Items listed in a dataset
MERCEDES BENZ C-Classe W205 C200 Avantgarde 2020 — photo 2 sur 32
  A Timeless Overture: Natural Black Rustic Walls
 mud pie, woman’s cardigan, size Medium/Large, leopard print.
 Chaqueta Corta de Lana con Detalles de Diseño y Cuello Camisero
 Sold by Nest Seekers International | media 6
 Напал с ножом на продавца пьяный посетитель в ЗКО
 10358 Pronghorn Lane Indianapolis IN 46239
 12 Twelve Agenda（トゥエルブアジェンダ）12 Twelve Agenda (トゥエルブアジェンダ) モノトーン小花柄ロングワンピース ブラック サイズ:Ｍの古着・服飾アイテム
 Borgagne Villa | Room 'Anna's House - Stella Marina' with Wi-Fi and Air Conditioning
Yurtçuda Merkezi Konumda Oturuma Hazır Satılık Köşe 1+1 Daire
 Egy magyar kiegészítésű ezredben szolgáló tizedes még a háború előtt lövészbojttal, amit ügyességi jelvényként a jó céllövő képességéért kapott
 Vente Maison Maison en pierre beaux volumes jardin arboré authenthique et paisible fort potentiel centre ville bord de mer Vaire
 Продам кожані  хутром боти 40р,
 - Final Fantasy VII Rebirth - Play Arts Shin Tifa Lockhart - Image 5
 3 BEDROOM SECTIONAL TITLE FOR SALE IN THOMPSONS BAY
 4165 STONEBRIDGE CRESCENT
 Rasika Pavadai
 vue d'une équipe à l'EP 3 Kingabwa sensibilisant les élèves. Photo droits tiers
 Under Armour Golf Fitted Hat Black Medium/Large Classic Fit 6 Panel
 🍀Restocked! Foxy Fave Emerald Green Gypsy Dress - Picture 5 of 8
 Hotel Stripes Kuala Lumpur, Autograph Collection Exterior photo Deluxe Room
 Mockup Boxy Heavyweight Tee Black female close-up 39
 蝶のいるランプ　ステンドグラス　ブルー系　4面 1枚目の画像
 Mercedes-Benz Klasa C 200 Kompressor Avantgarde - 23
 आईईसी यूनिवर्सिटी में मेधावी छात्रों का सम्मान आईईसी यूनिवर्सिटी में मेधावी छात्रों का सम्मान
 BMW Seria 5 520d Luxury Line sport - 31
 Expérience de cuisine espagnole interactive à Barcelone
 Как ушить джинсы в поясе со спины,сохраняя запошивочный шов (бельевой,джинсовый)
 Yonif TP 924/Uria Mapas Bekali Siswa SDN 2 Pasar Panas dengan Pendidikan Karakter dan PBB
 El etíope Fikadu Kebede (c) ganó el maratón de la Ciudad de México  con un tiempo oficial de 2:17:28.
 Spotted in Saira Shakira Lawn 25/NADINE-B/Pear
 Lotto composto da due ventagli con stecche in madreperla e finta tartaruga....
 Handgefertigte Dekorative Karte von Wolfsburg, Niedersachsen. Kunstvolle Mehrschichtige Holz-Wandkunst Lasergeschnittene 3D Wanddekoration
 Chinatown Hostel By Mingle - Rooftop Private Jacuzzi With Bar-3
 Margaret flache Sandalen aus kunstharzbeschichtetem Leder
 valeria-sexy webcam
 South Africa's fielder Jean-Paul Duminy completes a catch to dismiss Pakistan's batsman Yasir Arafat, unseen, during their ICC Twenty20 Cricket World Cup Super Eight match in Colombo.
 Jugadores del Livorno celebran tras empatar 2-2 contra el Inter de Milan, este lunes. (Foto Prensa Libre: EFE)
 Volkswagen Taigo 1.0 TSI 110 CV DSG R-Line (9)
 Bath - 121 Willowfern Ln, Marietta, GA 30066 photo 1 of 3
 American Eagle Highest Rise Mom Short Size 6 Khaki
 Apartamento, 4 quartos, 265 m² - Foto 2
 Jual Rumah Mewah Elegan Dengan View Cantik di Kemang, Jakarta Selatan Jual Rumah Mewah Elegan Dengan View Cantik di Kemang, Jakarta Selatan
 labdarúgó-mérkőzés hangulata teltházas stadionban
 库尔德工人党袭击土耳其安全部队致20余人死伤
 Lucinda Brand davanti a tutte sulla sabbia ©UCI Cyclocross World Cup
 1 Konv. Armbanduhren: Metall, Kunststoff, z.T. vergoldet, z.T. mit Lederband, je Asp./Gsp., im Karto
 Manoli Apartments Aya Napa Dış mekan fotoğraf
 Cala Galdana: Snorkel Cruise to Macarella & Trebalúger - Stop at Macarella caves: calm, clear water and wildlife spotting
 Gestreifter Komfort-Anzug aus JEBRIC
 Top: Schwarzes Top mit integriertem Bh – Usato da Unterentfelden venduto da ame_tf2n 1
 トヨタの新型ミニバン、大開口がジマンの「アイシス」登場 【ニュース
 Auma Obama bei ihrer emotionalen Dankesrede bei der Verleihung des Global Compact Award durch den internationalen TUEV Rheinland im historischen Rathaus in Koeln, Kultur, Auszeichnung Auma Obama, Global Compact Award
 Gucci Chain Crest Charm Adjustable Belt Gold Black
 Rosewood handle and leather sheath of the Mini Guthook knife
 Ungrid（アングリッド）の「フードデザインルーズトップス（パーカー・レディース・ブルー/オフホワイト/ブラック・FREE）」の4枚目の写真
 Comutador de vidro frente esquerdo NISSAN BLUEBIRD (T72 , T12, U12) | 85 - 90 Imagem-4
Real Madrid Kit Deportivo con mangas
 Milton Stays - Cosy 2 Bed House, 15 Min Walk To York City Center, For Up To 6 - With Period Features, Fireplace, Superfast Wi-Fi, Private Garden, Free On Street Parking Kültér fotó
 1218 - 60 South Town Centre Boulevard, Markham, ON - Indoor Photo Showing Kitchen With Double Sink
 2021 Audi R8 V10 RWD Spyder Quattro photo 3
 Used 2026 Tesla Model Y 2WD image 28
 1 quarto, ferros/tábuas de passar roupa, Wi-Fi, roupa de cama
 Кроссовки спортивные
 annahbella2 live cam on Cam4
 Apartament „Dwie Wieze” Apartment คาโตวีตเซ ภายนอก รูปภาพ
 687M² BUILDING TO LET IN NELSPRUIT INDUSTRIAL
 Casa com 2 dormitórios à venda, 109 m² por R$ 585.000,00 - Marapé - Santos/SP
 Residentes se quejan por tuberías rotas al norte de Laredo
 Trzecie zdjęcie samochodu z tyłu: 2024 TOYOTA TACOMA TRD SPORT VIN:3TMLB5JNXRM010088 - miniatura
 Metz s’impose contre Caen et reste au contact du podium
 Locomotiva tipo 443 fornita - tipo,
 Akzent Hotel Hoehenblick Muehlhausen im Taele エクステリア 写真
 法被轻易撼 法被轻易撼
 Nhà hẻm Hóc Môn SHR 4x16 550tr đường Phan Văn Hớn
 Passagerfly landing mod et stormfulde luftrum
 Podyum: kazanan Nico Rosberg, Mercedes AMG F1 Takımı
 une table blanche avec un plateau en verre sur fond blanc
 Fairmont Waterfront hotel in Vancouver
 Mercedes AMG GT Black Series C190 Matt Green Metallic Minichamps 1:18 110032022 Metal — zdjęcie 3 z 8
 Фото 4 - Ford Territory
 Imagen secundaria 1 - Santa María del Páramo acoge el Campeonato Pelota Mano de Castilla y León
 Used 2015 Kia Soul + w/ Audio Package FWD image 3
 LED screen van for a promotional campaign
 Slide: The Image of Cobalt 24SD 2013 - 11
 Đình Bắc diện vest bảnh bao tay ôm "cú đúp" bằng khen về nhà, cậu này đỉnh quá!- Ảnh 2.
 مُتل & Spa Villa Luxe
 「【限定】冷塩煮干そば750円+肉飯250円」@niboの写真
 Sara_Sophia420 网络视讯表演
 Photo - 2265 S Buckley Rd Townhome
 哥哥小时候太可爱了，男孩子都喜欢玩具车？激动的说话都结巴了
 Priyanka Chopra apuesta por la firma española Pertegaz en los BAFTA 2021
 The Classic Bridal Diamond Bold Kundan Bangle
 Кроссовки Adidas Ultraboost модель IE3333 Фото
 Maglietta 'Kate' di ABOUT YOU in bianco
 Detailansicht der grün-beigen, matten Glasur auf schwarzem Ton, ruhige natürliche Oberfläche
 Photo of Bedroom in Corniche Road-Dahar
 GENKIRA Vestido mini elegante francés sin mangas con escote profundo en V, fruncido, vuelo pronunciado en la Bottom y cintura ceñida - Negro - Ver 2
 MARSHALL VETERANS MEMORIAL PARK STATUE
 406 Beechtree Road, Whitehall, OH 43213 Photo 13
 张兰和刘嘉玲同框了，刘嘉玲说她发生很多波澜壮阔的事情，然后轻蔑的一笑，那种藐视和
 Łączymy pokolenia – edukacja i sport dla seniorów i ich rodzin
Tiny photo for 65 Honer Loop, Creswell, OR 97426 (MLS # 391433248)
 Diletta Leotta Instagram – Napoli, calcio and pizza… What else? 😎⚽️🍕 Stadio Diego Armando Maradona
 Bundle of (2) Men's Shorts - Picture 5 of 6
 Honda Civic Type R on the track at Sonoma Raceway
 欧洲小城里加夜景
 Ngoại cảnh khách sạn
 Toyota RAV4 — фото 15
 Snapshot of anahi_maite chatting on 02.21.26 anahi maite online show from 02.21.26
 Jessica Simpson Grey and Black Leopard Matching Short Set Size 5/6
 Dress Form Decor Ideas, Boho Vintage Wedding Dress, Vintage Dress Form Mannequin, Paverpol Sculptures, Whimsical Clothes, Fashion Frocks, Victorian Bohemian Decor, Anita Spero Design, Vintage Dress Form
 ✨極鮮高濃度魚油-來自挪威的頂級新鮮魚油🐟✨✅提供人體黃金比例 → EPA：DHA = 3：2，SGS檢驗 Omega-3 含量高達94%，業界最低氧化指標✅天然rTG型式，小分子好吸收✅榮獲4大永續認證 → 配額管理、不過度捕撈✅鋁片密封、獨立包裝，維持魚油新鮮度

What is required - Restate word for word the entries above, starting at the line with "10358 Pronghorn Lane Indianapolis IN 46239" and ending at the line with "Egy magyar kiegészítésű", inclusive, and no others.

Answer box -
 10358 Pronghorn Lane Indianapolis IN 46239
 12 Twelve Agenda（トゥエルブアジェンダ）12 Twelve Agenda (トゥエルブアジェンダ) モノトーン小花柄ロングワンピース ブラック サイズ:Ｍの古着・服飾アイテム
 Borgagne Villa | Room 'Anna's House - Stella Marina' with Wi-Fi and Air Conditioning
Yurtçuda Merkezi Konumda Oturuma Hazır Satılık Köşe 1+1 Daire
 Egy magyar kiegészítésű ezredben szolgáló tizedes még a háború előtt lövészbojttal, amit ügyességi jelvényként a jó céllövő képességéért kapott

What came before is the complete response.